■ **ACTION ITEM**
Leave out the pictures and output exactly the lines below from the one with "(garderoben är fulllll)" down to the one with "Kolkata, India on", both of them included.

[Scraped caption text data]

Content starts

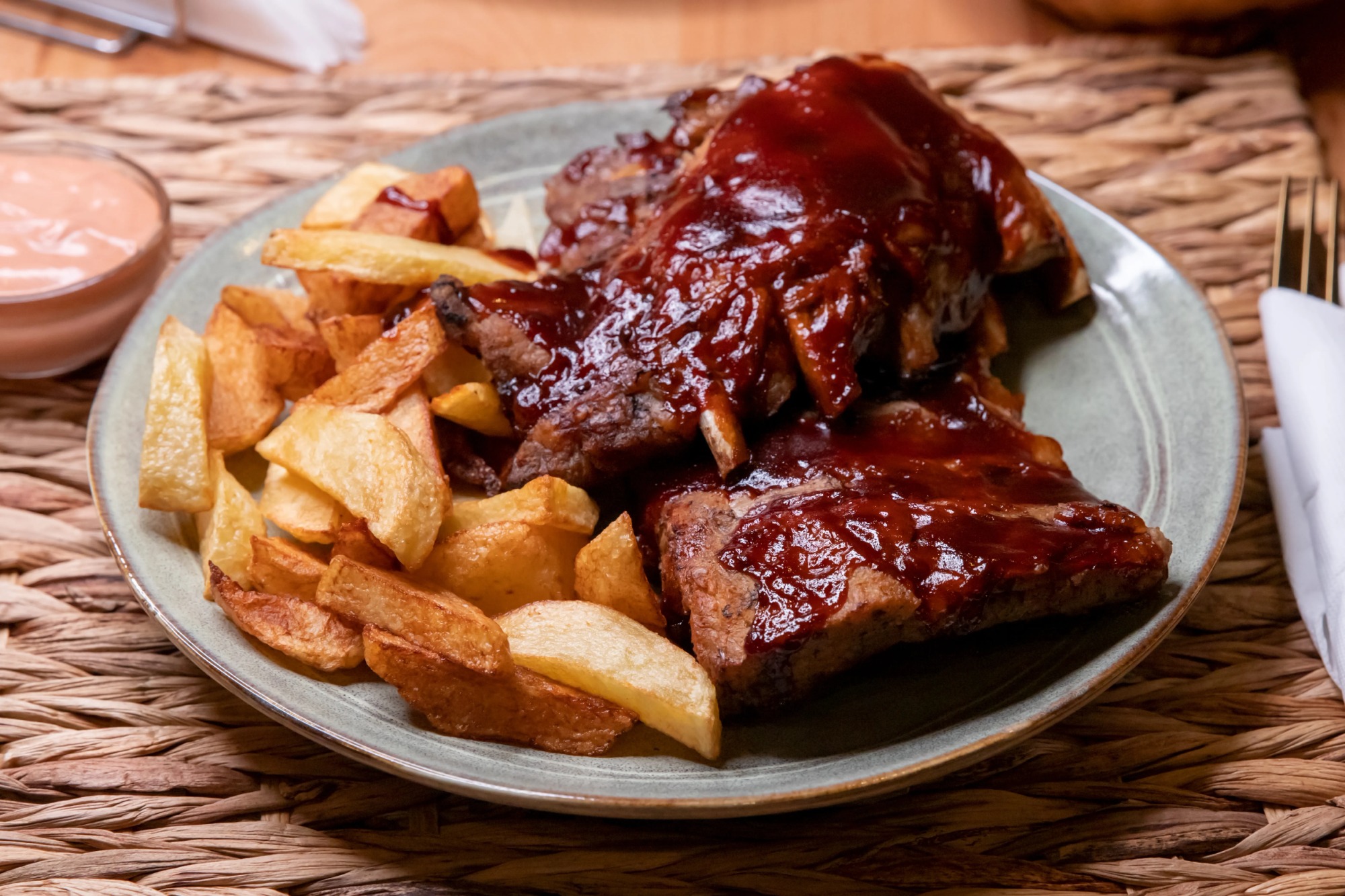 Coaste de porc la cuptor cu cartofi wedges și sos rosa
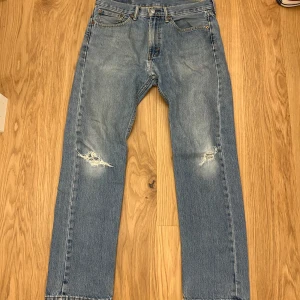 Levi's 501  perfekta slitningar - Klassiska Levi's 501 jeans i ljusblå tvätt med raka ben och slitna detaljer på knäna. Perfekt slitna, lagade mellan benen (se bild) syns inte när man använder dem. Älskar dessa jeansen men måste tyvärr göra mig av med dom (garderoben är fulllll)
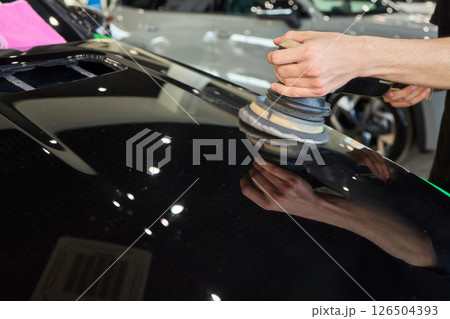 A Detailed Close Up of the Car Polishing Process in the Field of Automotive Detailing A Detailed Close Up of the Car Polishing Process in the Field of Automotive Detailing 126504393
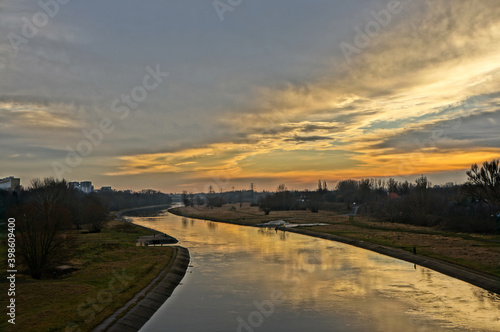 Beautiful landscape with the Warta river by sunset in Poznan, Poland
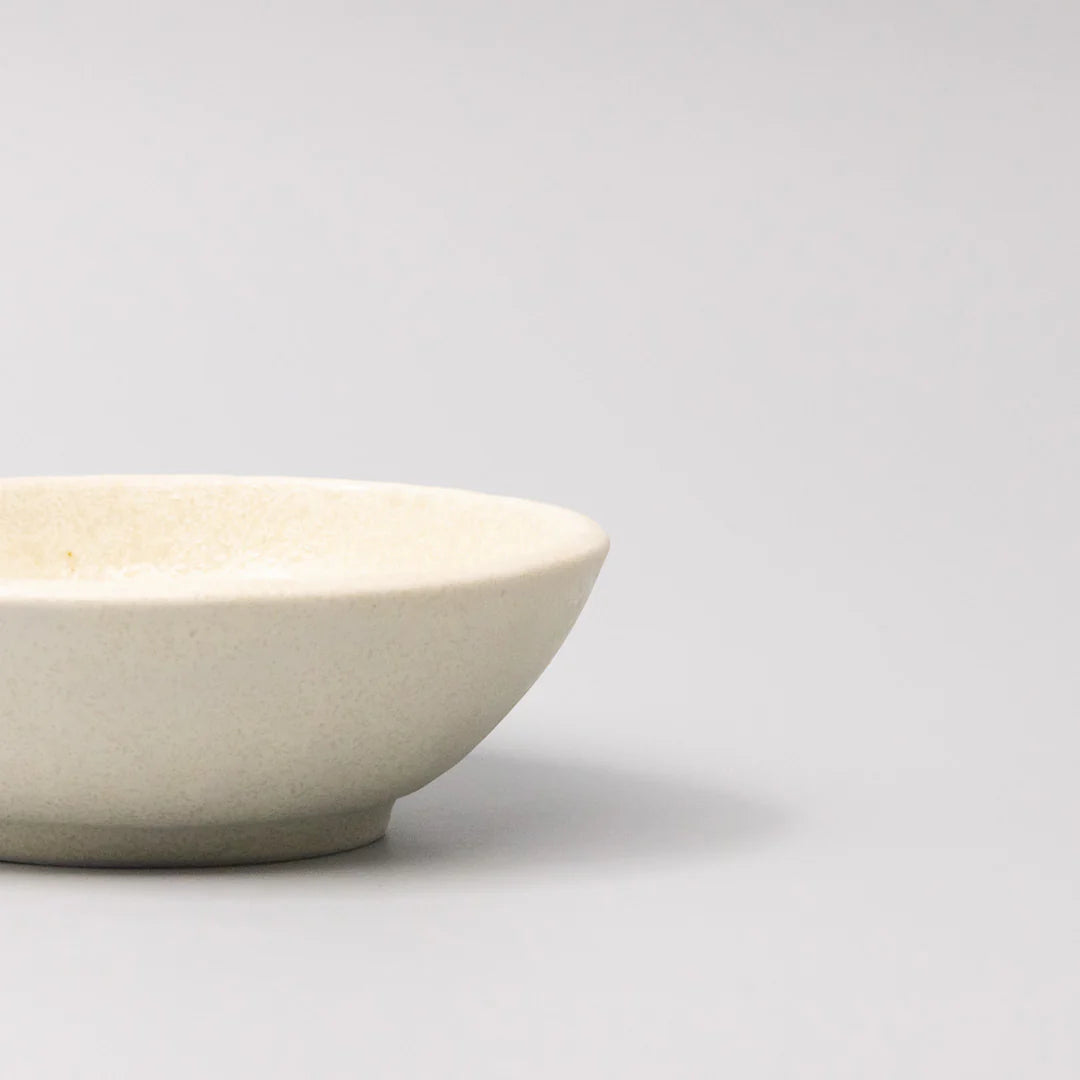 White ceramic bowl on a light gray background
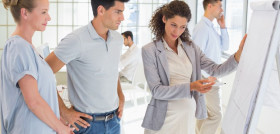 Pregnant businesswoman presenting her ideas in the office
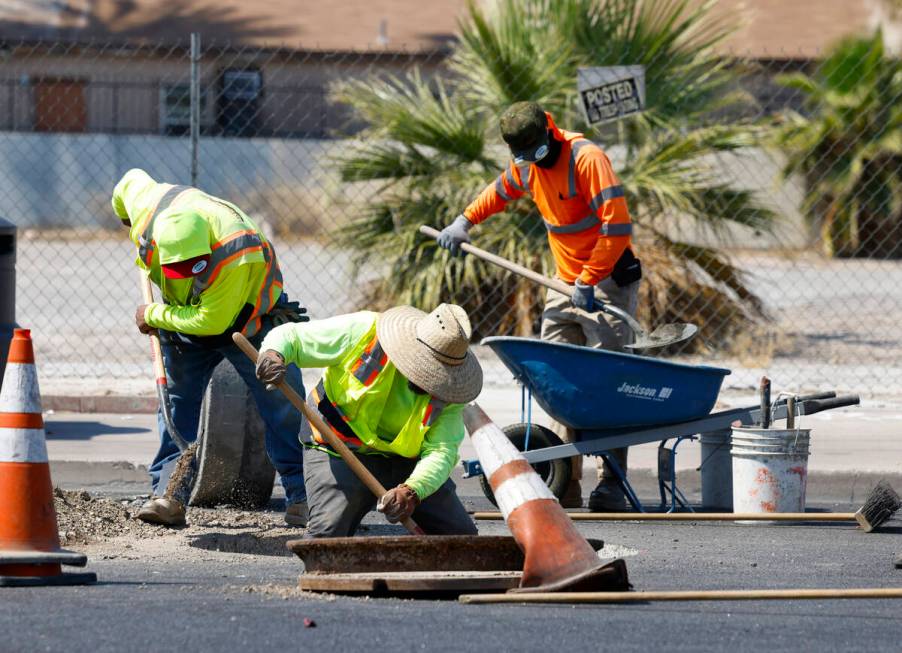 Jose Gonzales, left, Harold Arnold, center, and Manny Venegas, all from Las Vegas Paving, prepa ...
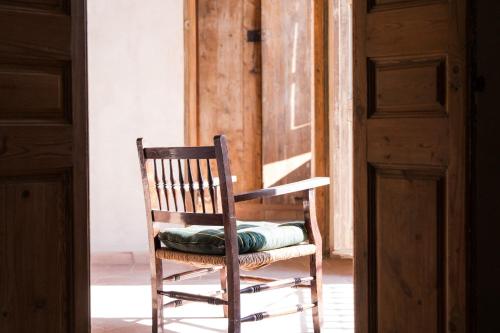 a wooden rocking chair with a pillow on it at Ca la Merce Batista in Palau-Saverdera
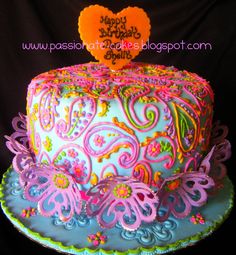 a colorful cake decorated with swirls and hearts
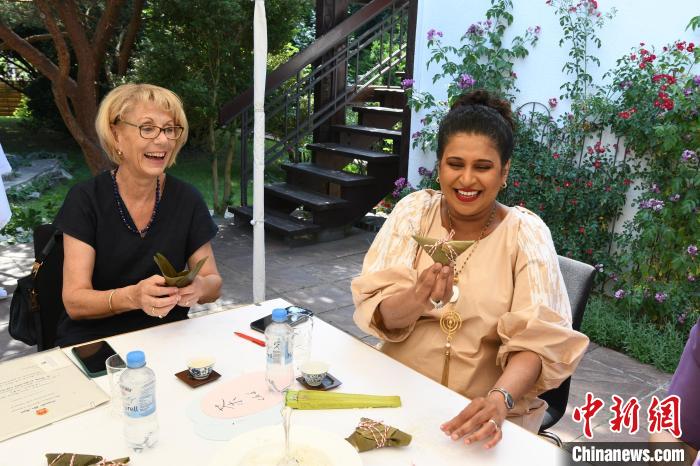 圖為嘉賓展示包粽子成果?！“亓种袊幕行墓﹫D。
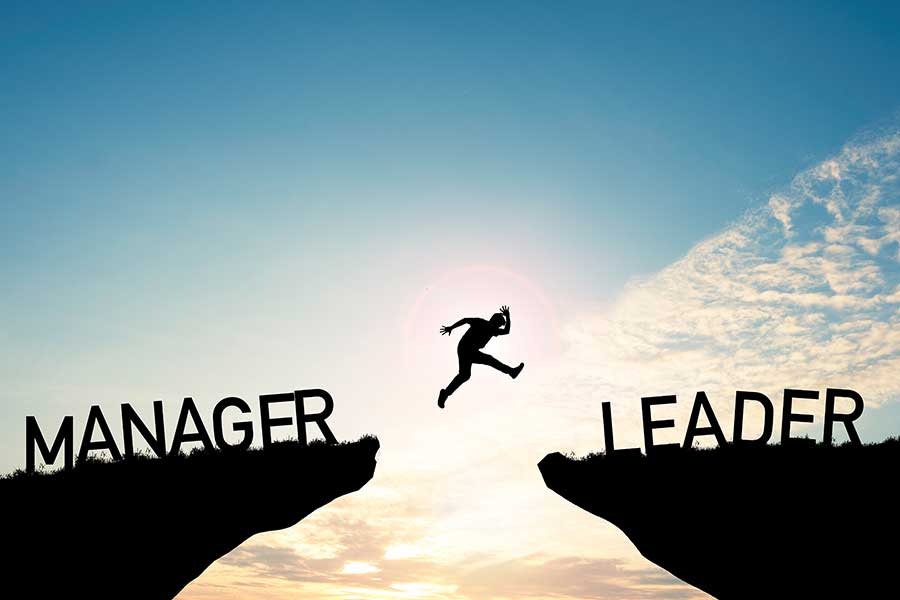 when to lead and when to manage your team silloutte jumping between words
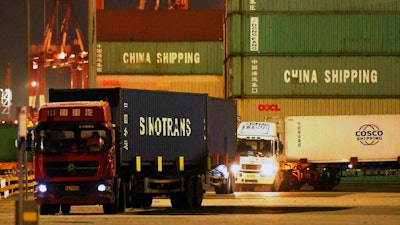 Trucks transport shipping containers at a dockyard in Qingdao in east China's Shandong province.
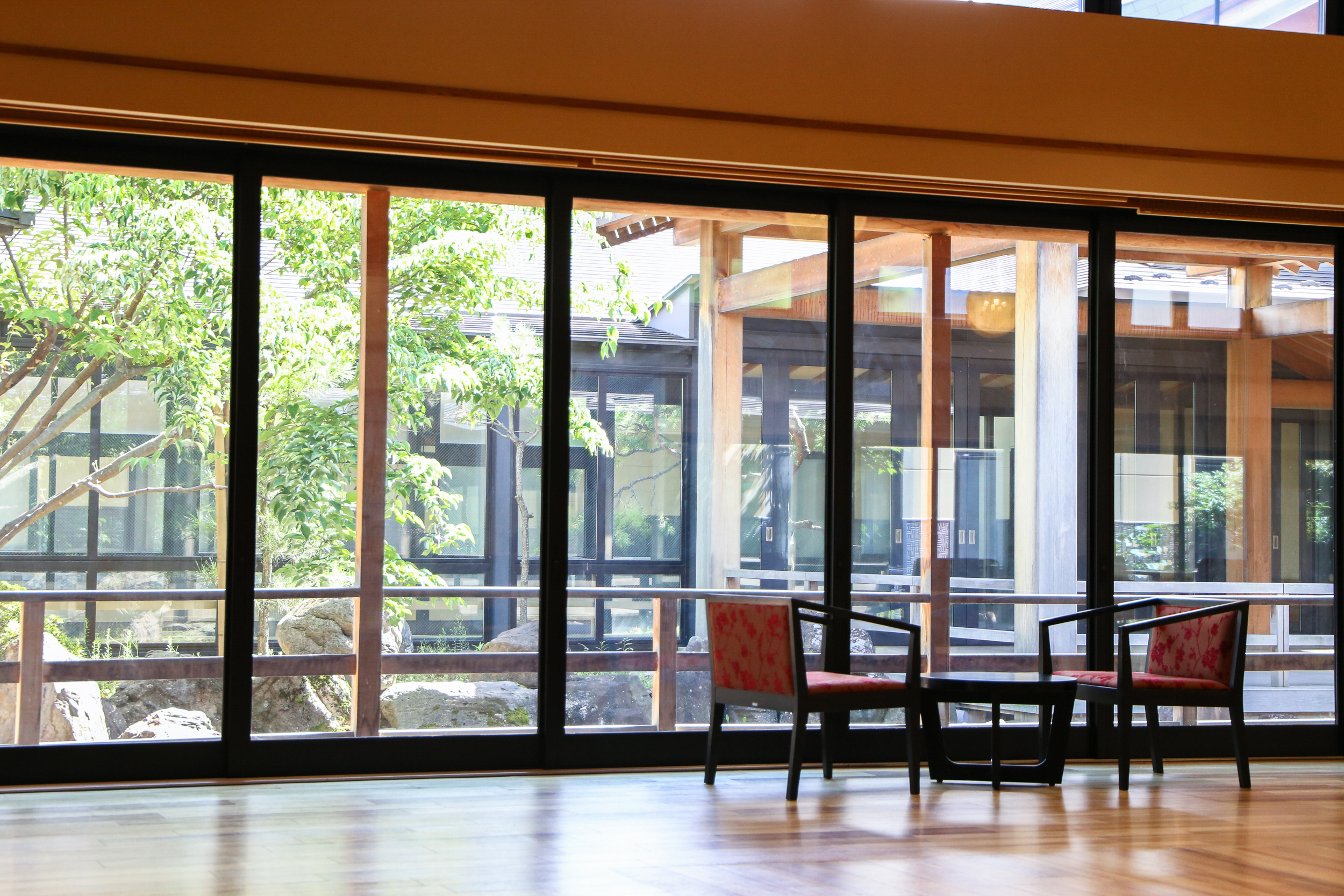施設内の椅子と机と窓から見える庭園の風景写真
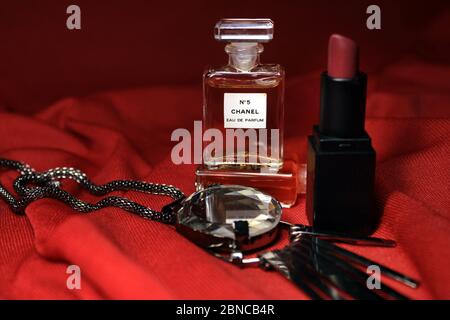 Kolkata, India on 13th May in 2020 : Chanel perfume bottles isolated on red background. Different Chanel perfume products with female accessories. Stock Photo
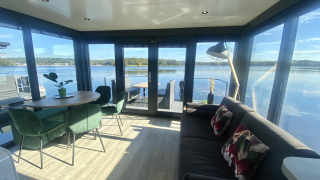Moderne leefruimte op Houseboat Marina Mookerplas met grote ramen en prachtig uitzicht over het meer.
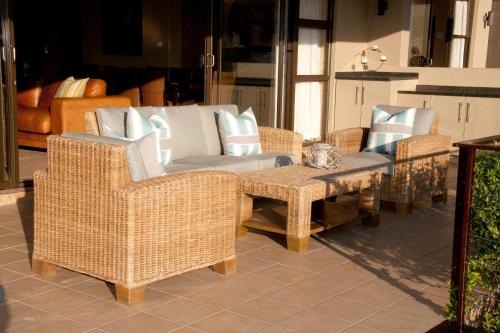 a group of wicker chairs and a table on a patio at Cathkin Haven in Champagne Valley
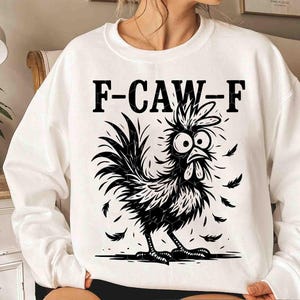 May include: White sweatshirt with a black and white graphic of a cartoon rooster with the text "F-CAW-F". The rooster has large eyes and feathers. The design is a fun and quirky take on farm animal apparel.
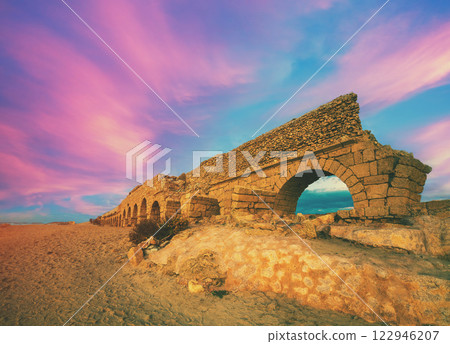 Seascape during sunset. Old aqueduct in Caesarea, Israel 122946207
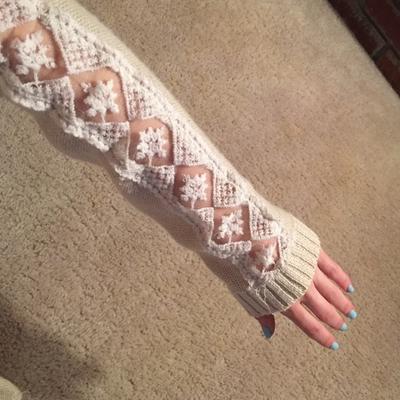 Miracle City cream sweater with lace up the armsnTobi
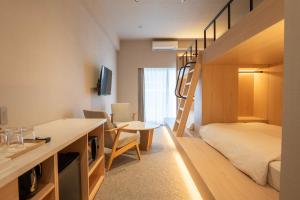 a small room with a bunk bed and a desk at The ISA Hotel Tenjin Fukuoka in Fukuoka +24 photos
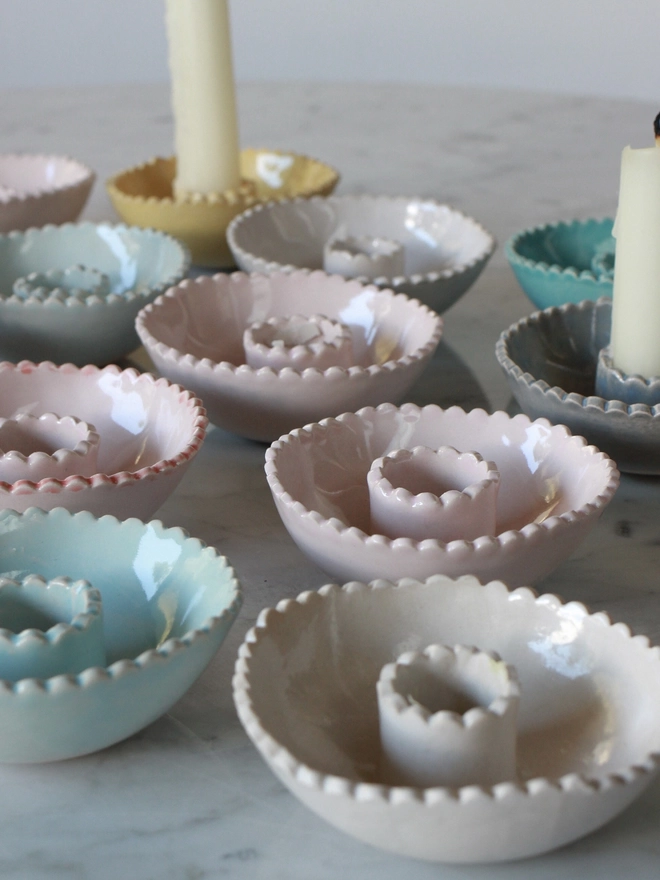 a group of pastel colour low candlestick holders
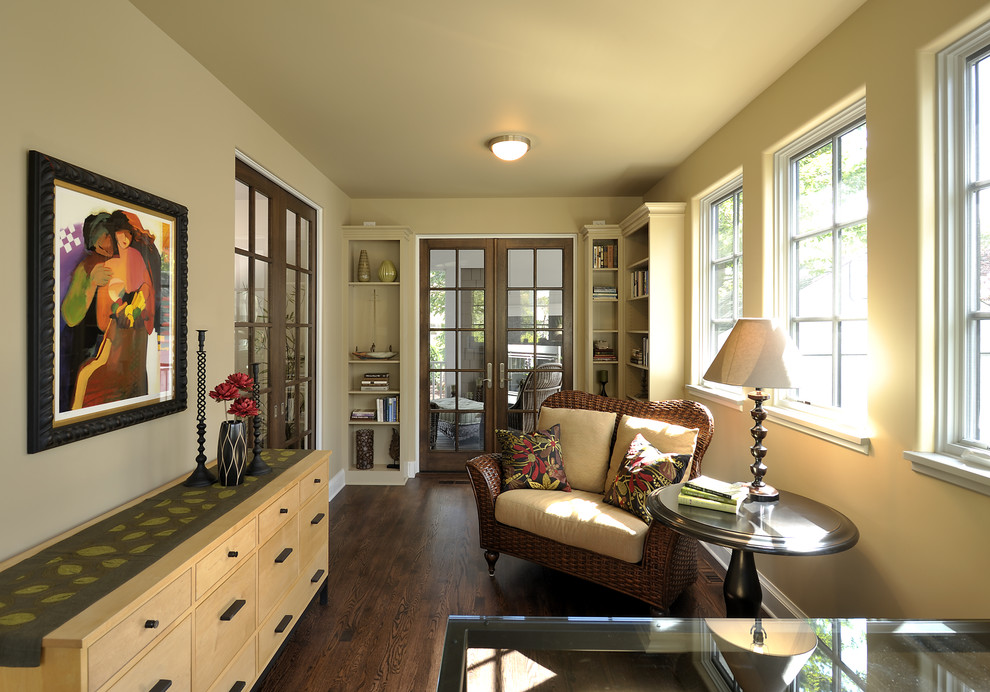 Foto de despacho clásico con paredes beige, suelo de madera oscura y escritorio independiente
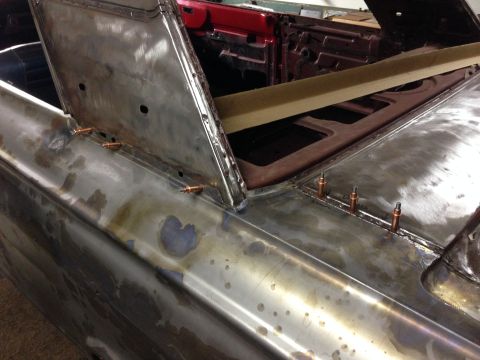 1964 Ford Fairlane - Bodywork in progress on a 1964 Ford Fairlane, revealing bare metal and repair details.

Content ends

■ **YOUR RESPONSE**
 Levi's 501  perfekta slitningar - Klassiska Levi's 501 jeans i ljusblå tvätt med raka ben och slitna detaljer på knäna. Perfekt slitna, lagade mellan benen (se bild) syns inte när man använder dem. Älskar dessa jeansen men måste tyvärr göra mig av med dom (garderoben är fulllll)
 A Detailed Close Up of the Car Polishing Process in the Field of Automotive Detailing A Detailed Close Up of the Car Polishing Process in the Field of Automotive Detailing 126504393
 Beautiful landscape with the Warta river by sunset in Poznan, Poland
 White ceramic bowl on a light gray background
 Pregnant businesswoman presenting her ideas in the office
 Jose Gonzales, left, Harold Arnold, center, and Manny Venegas, all from Las Vegas Paving, prepa ...
 a wooden rocking chair with a pillow on it at Ca la Merce Batista in Palau-Saverdera
 a colorful cake decorated with swirls and hearts
 圖為嘉賓展示包粽子成果?！“亓种袊幕行墓﹫D。
 when to lead and when to manage your team silloutte jumping between words
 Trucks transport shipping containers at a dockyard in Qingdao in east China's Shandong province.
施設内の椅子と机と窓から見える庭園の風景写真
 Kolkata, India on 13th May in 2020 : Chanel perfume bottles isolated on red background. Different Chanel perfume products with female accessories. Stock Photo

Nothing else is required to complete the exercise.